Data extract |
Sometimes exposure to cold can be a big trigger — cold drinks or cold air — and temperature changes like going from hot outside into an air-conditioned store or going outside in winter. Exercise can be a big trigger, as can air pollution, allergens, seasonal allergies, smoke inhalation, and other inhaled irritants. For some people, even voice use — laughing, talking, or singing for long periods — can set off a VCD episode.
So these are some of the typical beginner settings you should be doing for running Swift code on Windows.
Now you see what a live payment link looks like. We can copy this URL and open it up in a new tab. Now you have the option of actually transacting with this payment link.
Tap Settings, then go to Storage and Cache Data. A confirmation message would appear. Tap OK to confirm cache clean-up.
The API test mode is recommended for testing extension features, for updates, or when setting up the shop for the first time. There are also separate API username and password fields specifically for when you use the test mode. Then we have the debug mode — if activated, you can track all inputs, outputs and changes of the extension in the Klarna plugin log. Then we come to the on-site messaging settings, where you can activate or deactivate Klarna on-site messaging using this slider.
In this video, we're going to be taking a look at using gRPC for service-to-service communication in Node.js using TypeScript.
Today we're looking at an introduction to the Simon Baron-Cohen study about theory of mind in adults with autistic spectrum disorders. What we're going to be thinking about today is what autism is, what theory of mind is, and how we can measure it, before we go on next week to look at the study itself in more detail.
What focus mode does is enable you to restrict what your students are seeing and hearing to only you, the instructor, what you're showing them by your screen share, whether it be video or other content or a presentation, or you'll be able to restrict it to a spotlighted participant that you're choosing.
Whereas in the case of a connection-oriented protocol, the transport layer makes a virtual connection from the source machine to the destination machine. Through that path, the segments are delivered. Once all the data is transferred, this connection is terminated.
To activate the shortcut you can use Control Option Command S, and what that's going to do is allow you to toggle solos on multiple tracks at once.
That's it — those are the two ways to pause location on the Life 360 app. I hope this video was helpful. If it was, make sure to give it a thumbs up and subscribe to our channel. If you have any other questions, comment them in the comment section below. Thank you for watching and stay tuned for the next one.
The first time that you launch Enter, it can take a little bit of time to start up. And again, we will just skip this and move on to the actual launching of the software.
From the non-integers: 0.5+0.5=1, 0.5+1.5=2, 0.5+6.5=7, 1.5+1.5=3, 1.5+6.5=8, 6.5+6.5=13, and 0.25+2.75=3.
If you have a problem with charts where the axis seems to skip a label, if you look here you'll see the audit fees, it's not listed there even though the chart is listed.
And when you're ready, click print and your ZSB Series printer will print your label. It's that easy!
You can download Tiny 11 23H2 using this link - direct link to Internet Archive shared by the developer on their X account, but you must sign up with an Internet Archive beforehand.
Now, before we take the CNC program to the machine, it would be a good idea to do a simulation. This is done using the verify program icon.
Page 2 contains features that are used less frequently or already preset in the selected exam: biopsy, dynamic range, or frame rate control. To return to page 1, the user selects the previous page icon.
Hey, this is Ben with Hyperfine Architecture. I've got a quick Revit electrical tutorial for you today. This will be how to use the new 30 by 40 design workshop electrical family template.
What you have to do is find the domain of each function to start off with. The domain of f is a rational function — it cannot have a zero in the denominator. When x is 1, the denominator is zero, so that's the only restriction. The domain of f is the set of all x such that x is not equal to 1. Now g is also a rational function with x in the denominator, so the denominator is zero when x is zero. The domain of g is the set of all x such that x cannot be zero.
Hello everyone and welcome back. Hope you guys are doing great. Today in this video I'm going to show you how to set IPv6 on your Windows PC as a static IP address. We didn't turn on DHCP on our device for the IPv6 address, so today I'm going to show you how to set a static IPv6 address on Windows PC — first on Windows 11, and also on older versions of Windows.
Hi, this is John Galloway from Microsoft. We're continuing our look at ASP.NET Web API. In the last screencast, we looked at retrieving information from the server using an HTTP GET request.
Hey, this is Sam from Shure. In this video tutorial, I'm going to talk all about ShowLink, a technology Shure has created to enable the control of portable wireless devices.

Problem statement | State how many lines of the records above contain the word "also", and give only that number.

Answer area | 3